To do
Starting from the line containing "SEASON PREVIEW: Cross", give again every line through the end of the entries, word for word. Pictures stay out of the copy.

"""

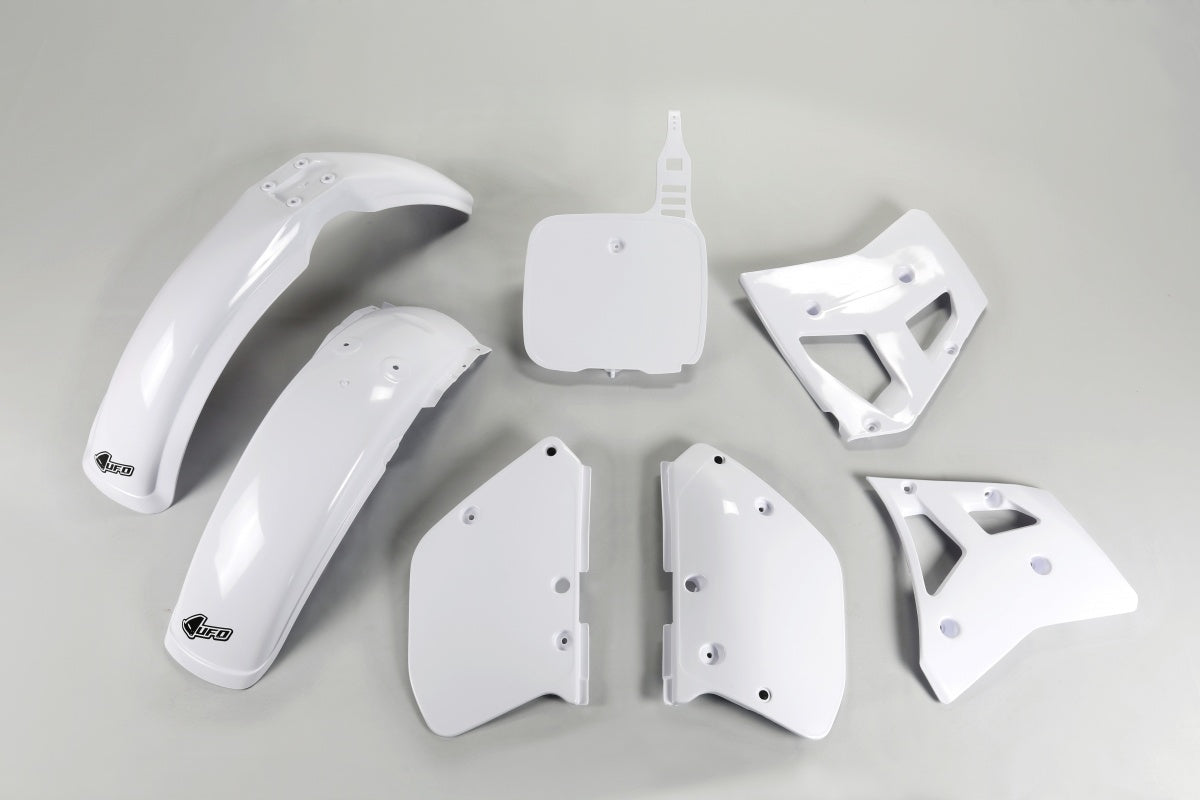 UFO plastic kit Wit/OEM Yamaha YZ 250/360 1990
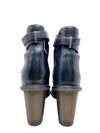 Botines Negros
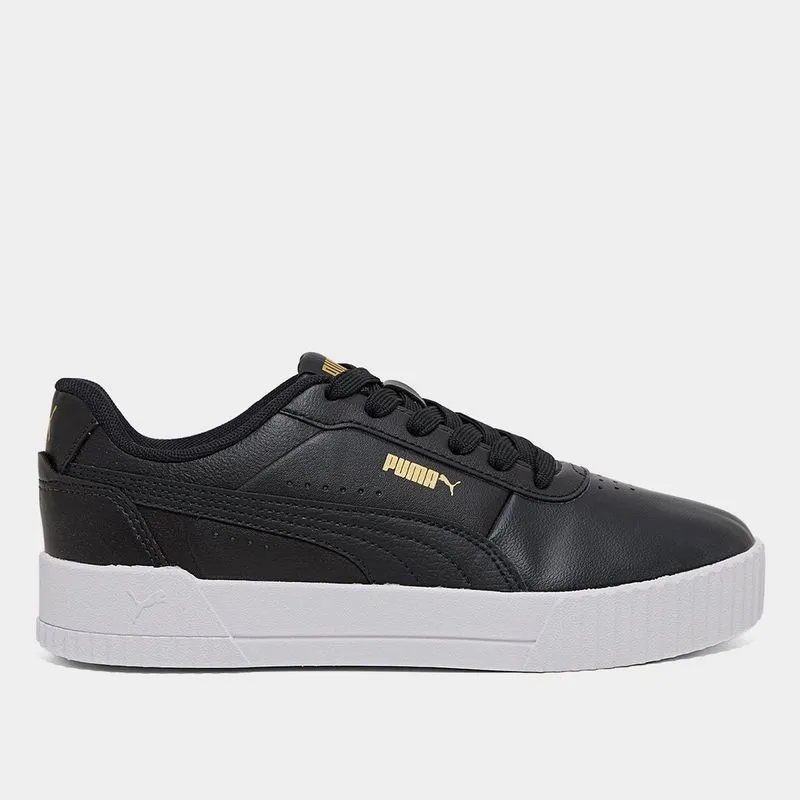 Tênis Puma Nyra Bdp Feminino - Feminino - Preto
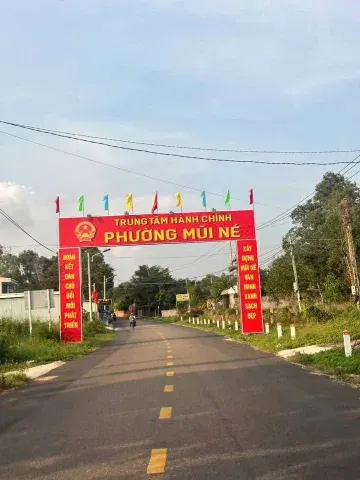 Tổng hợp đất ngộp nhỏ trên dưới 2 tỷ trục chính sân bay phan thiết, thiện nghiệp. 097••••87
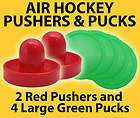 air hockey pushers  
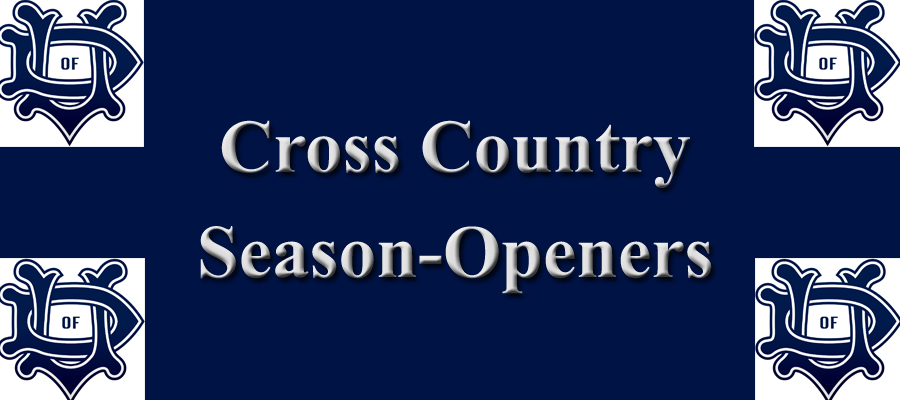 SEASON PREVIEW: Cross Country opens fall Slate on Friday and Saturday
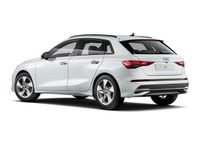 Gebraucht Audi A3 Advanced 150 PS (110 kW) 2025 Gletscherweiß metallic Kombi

"""

Solution
 SEASON PREVIEW: Cross Country opens fall Slate on Friday and Saturday
 Gebraucht Audi A3 Advanced 150 PS (110 kW) 2025 Gletscherweiß metallic Kombi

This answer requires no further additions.